米Sun Microsystemsと米Microsoftの2社は,米国時間2004年4月2日,歴史的な和解を発表しました。和解内容の詳細については,こちらやこちらをご覧いただくとして,今回は,2社の和解の本音を探ってみたいと思います。
現在報道されている和解の関連記事を総合的に分析してみると,「最終的には,両社の今後の動きを見守る以外にない」,というのが結論のようです。この場合の「今後の動きを見守る」という表現ですが,具体的には,何を見守るのでしょうか。また,なぜ見守る必要があるのでしょうか。このあたりの事情を考えてみましょう。
本音を語る資料はどれか?
何を見守るのか? この疑問への自分なりの回答を探し出すためには,いくつかの公開資料を読まなければなりません。インターネット上には多数の資料が公開され,ほとんどの人は,いったいどの資料や記事を読めばよいのか悩んでしまうと思います。私たちには自由に使える時間が十分にあるわけではありません。さて,皆さんならどの情報を,どのような基準の下で選択しますか。
私たちのIT業界は(表面的であったとしても)技術革新を日々繰り返しています。例えば,あるソフトウエア・ベンダーが新技術を発表すると,そのベンダーは豊富なサンプル・コードを含むSDK(Software Development Kit)をインターネット上で公開します。私たちは(必要性を感じない場合でも,時には)多量のドキュメントとサンプル・コードに一通り目を通します。
筆者は,ドキュメントではなく,サンプル・コードに先に目を通す習慣を持っているのですが,目を通すサンプル・コードは時間をかけて練り上げられたものより,荒削りのほうがよい,と考えています。荒削りなコードには,そのコードを作成した担当開発者の意図がストレートに反映されているような安心感があります。
今回の歴史的な和解の目的をストレートに反映している資料はどのようなものでしょうか。それは,話し言葉(つまり,生の声)を載せた資料です。私たちは友人と会話する場合,「美しい言葉」を話そうなどとはそれほど考えないはずです。特に切羽詰って相談に乗ってもらうような場面では,「お金がない」「恋人に振られた」「失業した」などの素朴な単語を使用するのが普通です。こちらの資料は,Microsoft社CEOのSteve Ballmer氏と,Sun社会長兼CEOのScott McNealy氏の生の声を文書化したものです。
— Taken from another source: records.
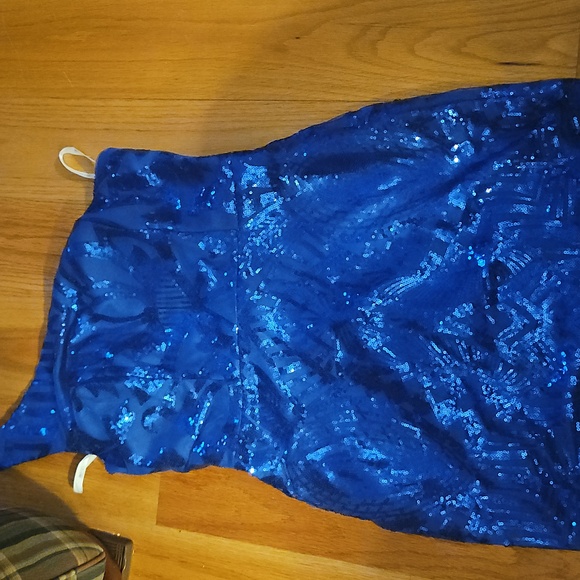 One-Shoulder Blue Sequin Dress - Picture 1 of 5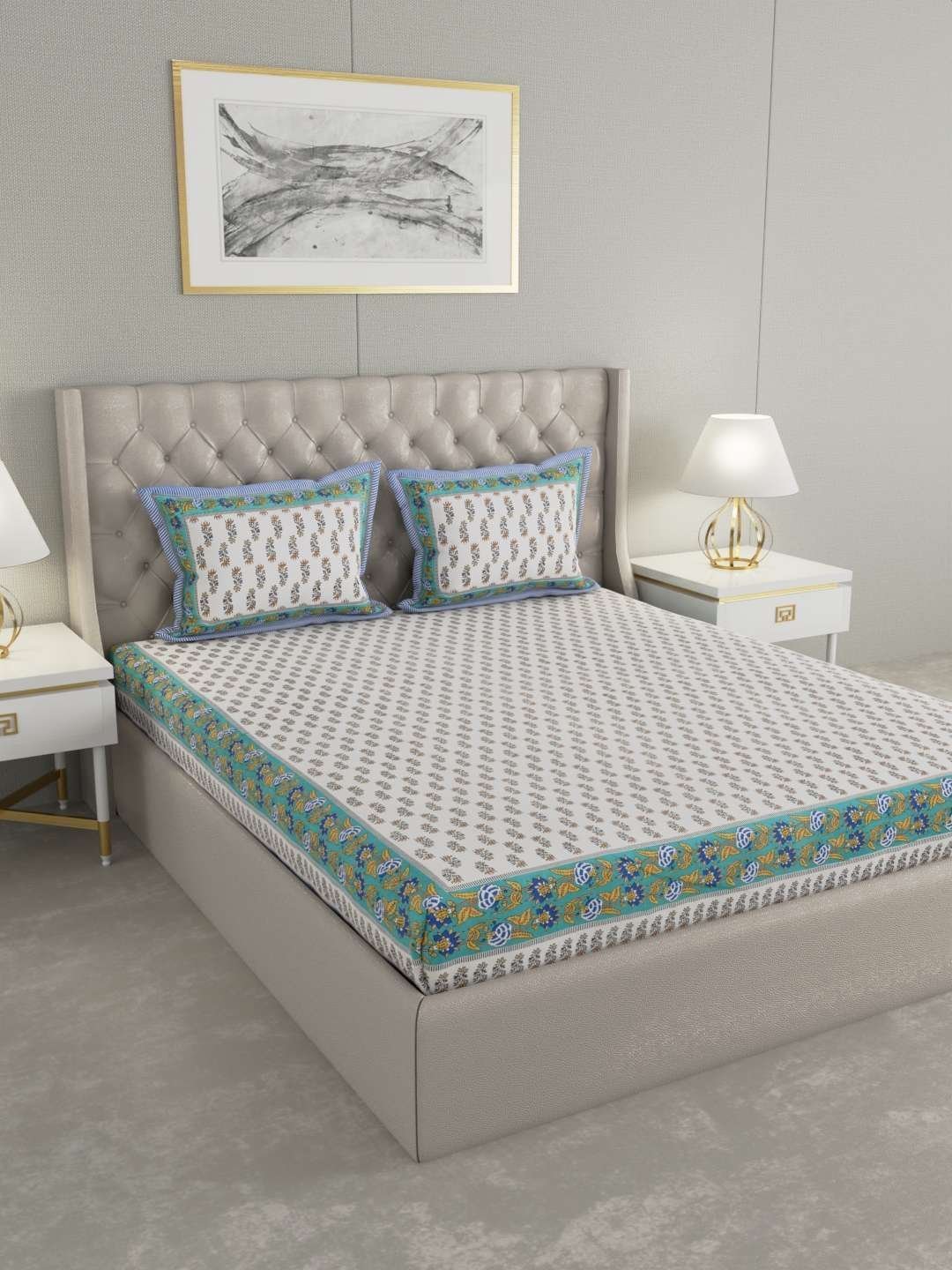 100% Pure Cotton Traditional  Printed Bedsheet for Double Bed King Size Bedsheet with 2 Pillow Covers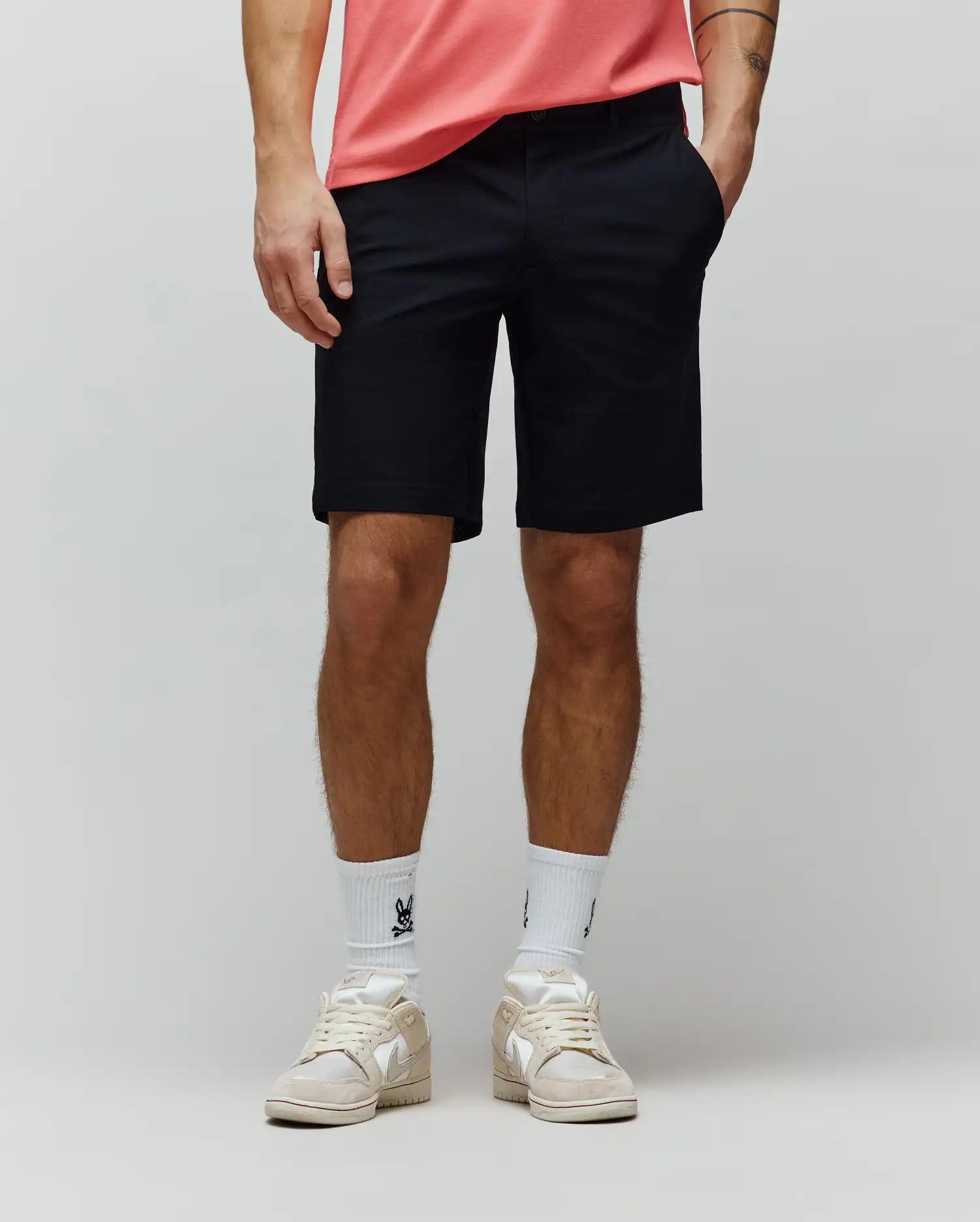 Psycho Bunny Men's Shorts MENS MAVERICK 10K STEP SHORT 9" - B6R969F200 shorts neri traspiranti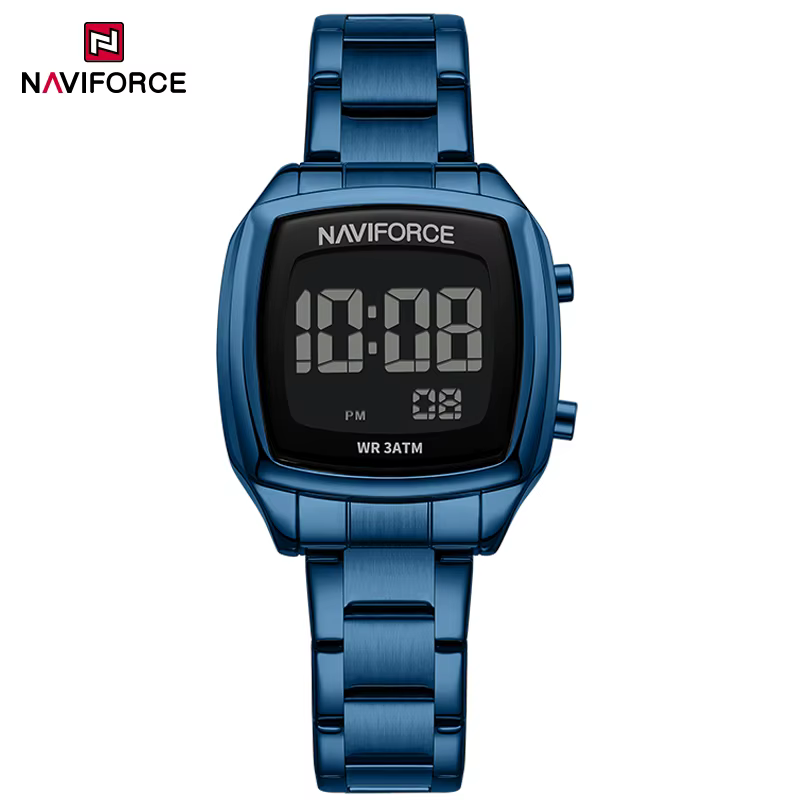 Montres NAVIFORCE pour femmes, écran LCD numérique, étanche, bracelet en acier, mode décontractée fé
文書内では,次のようなことが述べられています。
- 2人は既知の間柄である
- 和解を持ちかけたのはScott McNealy氏である
- 和解を持ちかけた動機は,顧客の要望であった
- 和解は午前4時15分頃合意に達した
- Microsoft社のBill Gates氏とSun社のGreg Papadopoulos氏は別の協議を行っている
- この和解は,Bill Gates氏とGreg Papadopoulos氏間の協議を成功させるフレームワークである
- C#とJava,および.NETとJava Webサービス間の問題は,Bill Gates氏とGreg Papadopoulos氏間で話し合われている
すべてのリスト項目は臨場感あふれるものですから,いろいろな想像が脳裏を駆け巡ります。例えば,Scott McNealy氏が和解話を持ち出し,翌朝の4時まで粘りに粘って,Steve Ballmer氏を説き伏せた,などといった想像もできます。さて皆さん,このリストを見て,どのような印象を持ちましたか。
皆さんの中には,Greg Papadopoulosという名前をここで初めて知った方もおられることでしょう。同氏に興味のある方は,こちらをご覧ください。基本的には,Bill Gates氏がMicrosoft社のChief Software Architect(CSA)なら,Greg Papadopoulos氏は,Sun社のCSAといったところでしょうか。ここでまた想像力が働きます。これら2人のCSAの関心事は,Webサービス(.NET)やグリッド・コンピューティングなどの分散コンピューティング技術の普及です。普及させるには,セキュリティの向上とともに,プラットフォーム間のInteroperabilityの改善が必須になります。
冒頭で述べた何を見守るのか?,また,なぜ見守る必要があるのか,その答えは次のようになると思います。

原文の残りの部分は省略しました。